Summary. The paper investigates the optical appearance (photon trajectories, effective potentials, and shadows) and ringdown (quasinormal modes for scalar, electromagnetic, and gravitational perturbations) of a static spherically symmetric black hole sourced by a Kalb-Ramond field coupled to perfect fluid dark matter. It studies the dependence on the Lorentz-violating parameter α and the dark matter parameter λ, finding that both parameters alter shadow radii and QNM frequencies/damping times, while eikonal QNMs agree with null geodesic properties, potentially allowing observational constraints on these effects.

Significance.
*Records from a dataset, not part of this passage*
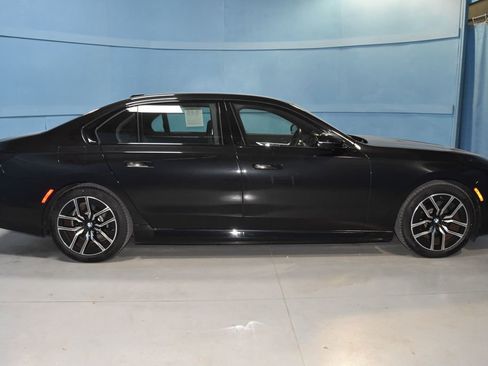 Certified 2024 BMW i7 xDrive60 image 16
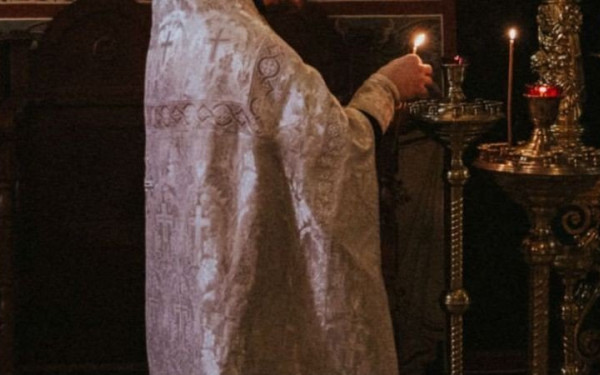 Παπάς εμπλέκεται σε υπόθεση εξαπάτησης μέσω διαδικτυακών εράνων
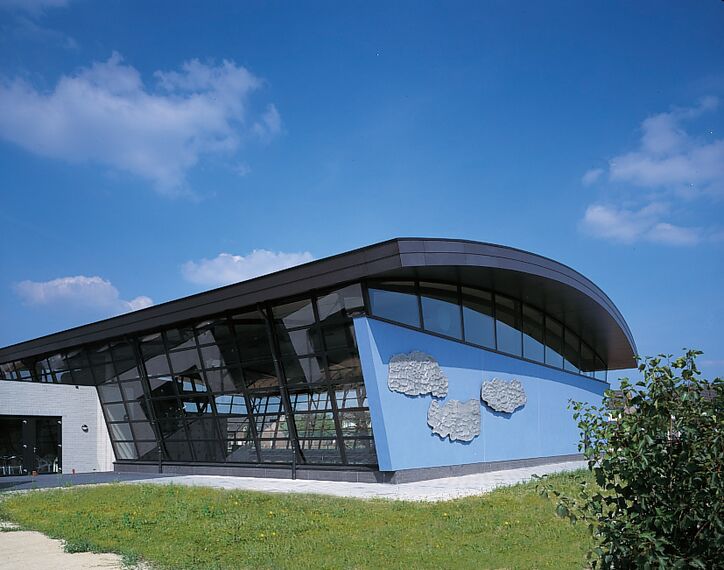 ConceptWall 50 Murs rideaux - Swimming pool Sports centre Reeshof situé à Tilburg, les Pays-Bas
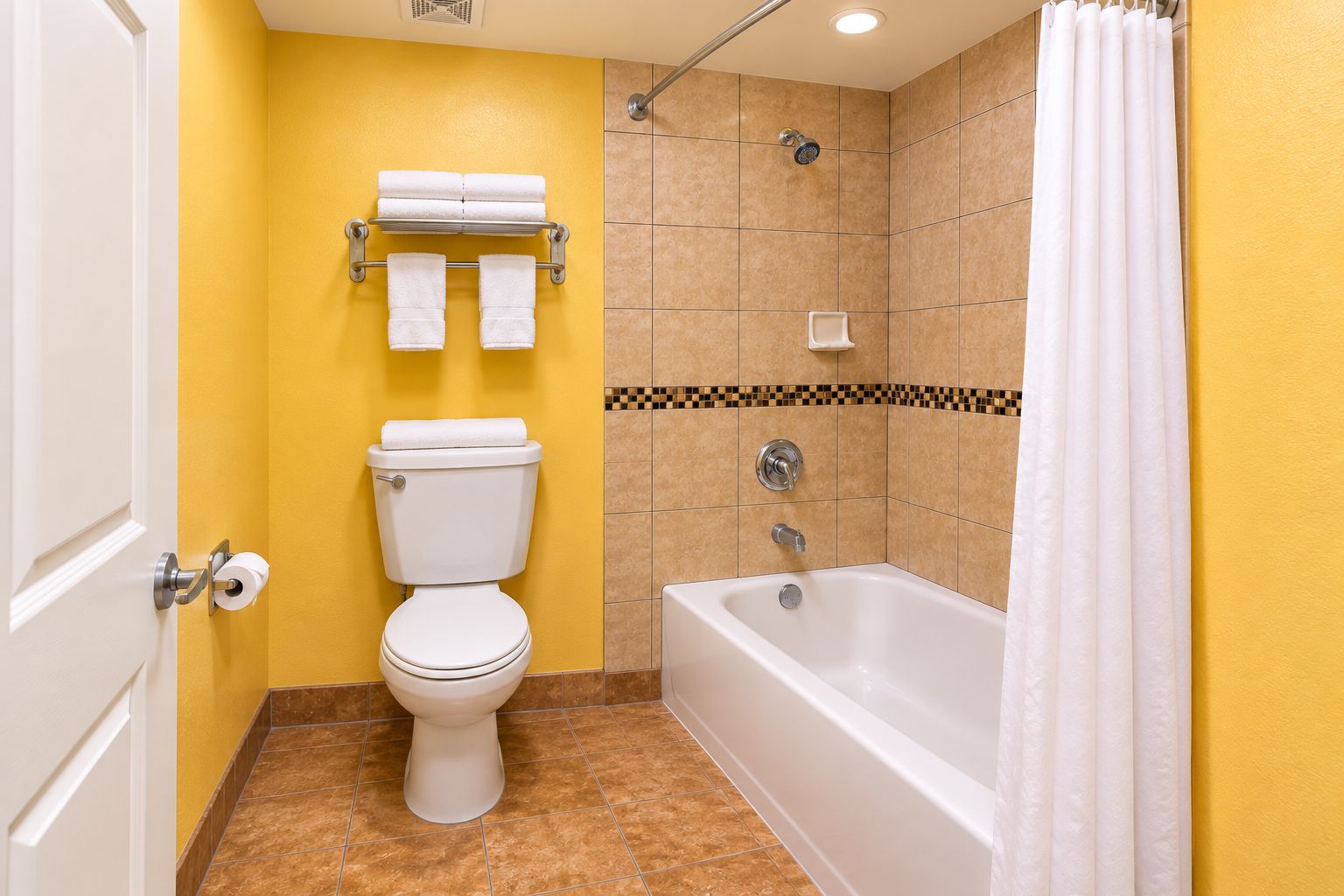 Une salle de bain avec des toilettes, une baignoire et une douche.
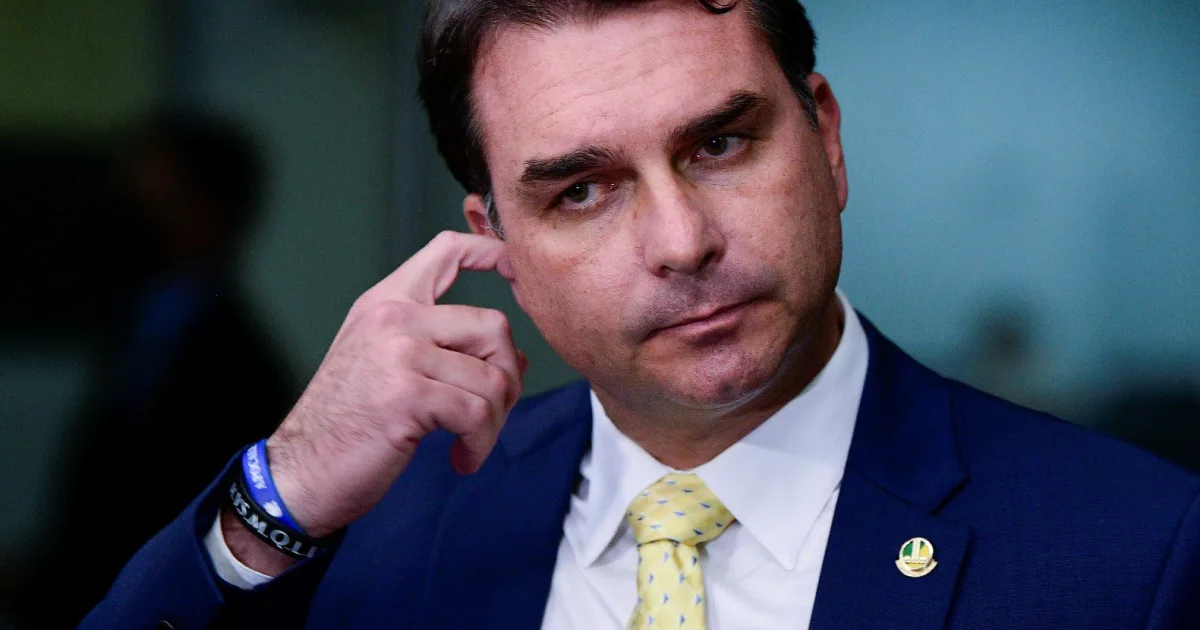 Flávio ficará inelegível se condenado por calúnia contra Lula, diz Metrópoles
If the underlying metric is confirmed to solve the coupled field equations, the results provide concrete predictions for how Lorentz violation and dark matter environments modify strong-field observables. The multi-perturbation QNM analysis and explicit eikonal check are strengths that facilitate direct comparison with EHT shadow data and gravitational-wave ringdown signals, offering a pathway to constrain the model parameters observationally.

major comments (2)
  1. [Section II] Section II: The metric functions are asserted to be an exact solution arising from the KR field coupled to PFDM, but the explicit forms of the energy-momentum tensors T^{KR}_{μν} and T^{PFDM}_{μν} and the verification that the given metric satisfies G_{μν} = 8π(T^{KR} + T^{PFDM}) are not displayed. This verification is load-bearing for the central claims, as all photon-sphere calculations (§III), shadow radii, and QNM spectra (§IV) are derived from these functions.
  2. [§4.2] §4.2: The claim of good agreement between eikonal QNMs and null geodesics is stated without quantitative support such as a table of relative differences in real and imaginary parts for representative values of α and λ, or error estimates. This makes the strength of the agreement difficult to assess and weakens the link to geodesic properties.
minor comments (3)
  1. [Figure 2] Figure 2: The shadow contour plots lack explicit labels for the specific α and λ values used in each panel, reducing reproducibility.
  2. [References] References: Several recent works on Kalb-Ramond gravity and perfect fluid dark matter black holes are absent; adding them would strengthen the contextual placement of the results.
  3. [§3.1] §3.1: The effective potential for null geodesics is introduced without a brief reminder of its explicit form in terms of the metric components f(r) and h(r); including Eq. (12) or equivalent would improve clarity.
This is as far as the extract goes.